Kilo Code Brings Semantic Codebase Indexing Out of Experimental
Published on 04.06.2026
Codebase Indexing Is Back in Kilo Code
TLDR: Kilo Code has graduated codebase indexing from experimental to general availability, giving the AI agent a semantic search tool backed by embeddings and Tree-sitter chunking. It is opt-in, local-friendly, and built largely by a community contributor. If you work in large or unfamiliar codebases, this is worth paying attention to.
Summary: There is a specific kind of pain that every developer has felt when dropped into a large, unfamiliar codebase. You know what you are looking for conceptually, but you have no idea what the repo calls it. The retry logic might live in a class called BackoffCoordinator, or it might be scattered across a handful of utility functions with no obvious name. You burn context, run grep after grep, and eventually triangulate your way to the right file. It is tedious, and when you hand that work to an AI agent, the token cost of that guessing loop adds up fast.
That is the problem Kilo Code is addressing with the return of codebase indexing. The feature landed via a major contribution from community member shssoichiro, went through weeks of review and stabilization from the Kilo team, and is now available by default in the latest version. What it gives you is a semantic_search tool for the Kilo agent. Instead of running repeated greps, the agent can describe what it wants conceptually and get back relevant files and line ranges in a single call.

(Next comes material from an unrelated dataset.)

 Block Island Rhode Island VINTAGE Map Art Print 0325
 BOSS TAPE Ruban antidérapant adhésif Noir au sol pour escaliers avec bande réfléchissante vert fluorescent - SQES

The canonical example in the announcement is a marketplace app that uses four different words for the same concept: "customer" in the UI, "kunde" in a German integration, "person" in a CRM schema, and "user" in the auth layer. With grep, an agent needs four separate searches and then has to reason about which results are actually related. With semantic search backed by embeddings, a single query like "customer identity validation" can surface all four because the index understands meaning, not just string matching. That is not a trivial improvement. That is a qualitatively different capability for navigating code at scale.
The implementation uses Tree-sitter to parse code into semantic chunks, functions, classes, and methods, and falls back to line-based chunking for file types it does not have a dedicated parser for. Markdown gets its own parser. Binary files, images, anything over 1MB, node_modules, vendor directories, and files covered by .gitignore or .kilocodeignore are all filtered out. Once an index is built, it stays current incrementally through hash-based caching and re-indexing only changed files. Git branch switches are handled too, so the index tracks the project you are actually working in.
To use it, you need two things: an embedding provider and a vector store. The fastest path is LanceDB as the store combined with either the hosted Kilo provider if you have Kilo tokens, or a free Mistral BYOK key if you do not. The settings UI walks you through the choices without requiring you to hand-edit config files, which I appreciate. The feature is explicitly opt-in and will not start indexing a repo just because an API key exists. That is the right call. You enable it per-project or globally, you wait for the index to reach "Complete" status, and then you start using it.
Key takeaways:
- Semantic search complements, not replaces, exact grep-style search. Use it when you know the concept but not the vocabulary. Use grep when you know the exact symbol or string.
- The feature is opt-in and will not auto-index repos. You choose when and where to enable it, which keeps it from silently chewing through embedding API calls.
- Embedding providers supported include a hosted Kilo option and Mistral BYOK, with local options like Ollama also available for teams that want to keep everything on-premise.
- The implementation is a community contribution from shssoichiro, which is worth noting. A large, production-quality feature landing via an external contributor is a signal about the health of the project.
- The recommended evaluation path is to try it on a codebase where you have already felt the pain of conceptual search, not a toy repo where grep works fine.
Why do I care: As someone who thinks about how AI agents navigate code, this feature addresses a real bottleneck. The context window is finite and precious. An agent burning three hundred tokens on a multi-step grep discovery loop to find retry logic is an agent that has less room to do the actual reasoning once it finds the target. Semantic search front-loads the orientation work cheaply. The opt-in model is sensible given that embedding calls cost money and local embedding setup has real friction. My one watch-out: semantic search quality is only as good as the embedding model and chunking strategy. Tree-sitter chunking is a solid foundation, but large functions that span many behaviors can still produce noisy results. I would treat this as a useful first pass, not a definitive answer, and always read the code before touching it.